October 27, 2010 by Leave a comment

The Census Bureau and the Department of Housing and Urban Development released their New Home Sales report this morning.  According to the report:

“Sales of new single-family houses in September 2010 were at a seasonally adjusted annual rate of 307,000, according to estimates released jointly today by the U.S. Census Bureau and the Department of Housing and Urban Development.  this is 6.6 percent above the revised August rate of 288,000, but is 21.5 percent below the September 2009 estimate of 391,000”.

Despite the fact that new home sales are up month-over-month, the year-over-year number is far more telling.  We are 21.5 percent below where we were a year ago, and I’ll remind you that September 2009 was not exactly a banner month for the housing market.  As a matter of fact, we are only slightly above the all-time record low for new home sales.  This is another bad showing for the housing market.

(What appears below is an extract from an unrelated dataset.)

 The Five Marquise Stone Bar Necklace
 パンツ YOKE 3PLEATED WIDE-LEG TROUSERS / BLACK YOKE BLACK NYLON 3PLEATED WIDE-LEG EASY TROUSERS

The supply of new homes did decrease from 8.6 months of supply in August to 8 months of supply in September.  Normally there is about 6 months of supply in a normal market.  The reduction of supply is a good thing, but supply is still very high from a historical perspective.  Additionally, new homes sales currently comprise only about 10 percent of the market, so any gains here have a relatively minor effect on the market as a whole.  Only when we start clearing the glut of existing homes from the market will a housing recovery begin in earnest.